Ping-Pong Conditions
As mentioned before, if a software issue resulting in a
database crash should occur, and if the service group containing that
database is failed over to another cluster node, the issue is likely to
appear on the other cluster node as well. This would result in another
failover, and the situation is likely to continue to occur.
Continuous failover of the service group results in ping-pong
situation (i.e., the service group is continuously moved from one
cluster node to another). This behavior makes it difficult to
troubleshoot the issue, because the issue is also continuously moving
from different hosts in the cluster. It is desired to disable the
failing resource group to allow the database or systems administrator
to investigate and fix the issue, so that the database can be brought
back online. RHC does not provide for a mechanism to limit the number
of times service groups are moved from one cluster node to another.
Limited Control over Restart Behavior
In case of a single resource failure, the RHC's implementation
requires all the resources in that resource group to be restarted. For
example, if a database resource fails, the listener is also brought
offline, all the file systems are unmounted, IP is unplumbed, and all
of the resources are restarted in the opposite order. This results in
slow restart times. The time needed to restart a failed listener is
negligible when compared to the time needed to restart a database. If a
listener fails, only the listener needs to get restarted -- there is no
point in stopping the database, unplumbing IPs, or unmounting file
systems -- but that is what the RHC would do.
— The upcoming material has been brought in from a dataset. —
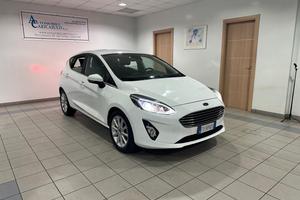 FORD Fiesta 1.5 TDCi 85 cv Titanium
Moreover, a failed Oracle listener does not in any way affect
connections to the database by applications or users that have already
been established. A listener listens on the service IP for incoming
connections and passes those connections to the database but plays no
role in further communications that happen between the database and a
user or an application that has initiated the connection. It is desired
for a high-availability engine to be able to determine when to restart
everything, and when the less time-consuming restarts of individual
resources are more appropriate. If only a failed resource is restarted,
it may shorten the restart time and minimize the impact of restarts on
availability of provided services.
Limited Logging
RHC by itself does not provide detailing logs of error
conditions on the cluster. The RHC engine logs general information
about the failures via syslog, and that information is not always
sufficient to fully investigate and resolve the problem. Continued run
logs for "start", "stop", and "status" methods are needed to fully
investigate and quickly and easily fix underlying problems.
Limited Probing Configurability
The resources are probed by RHC availability engine in a
predefined interval -- the probe interval is the same for all resources
in the service group. While having resources probed too often adds
additional loads to the servers, not probing them often enough prolongs
the time between a resource going offline and a cluster engine
detecting such a condition.
It is desirable to perform less load-intense probing more
often, but to perform load-savvy tests less frequently. For example,
the normal probe on a database resource may check for the presence of
required database processes and establish a local connection to the
database, but the "deep probe" may connect to the database, insert
values into a test table, and evaluate success of the insert operation.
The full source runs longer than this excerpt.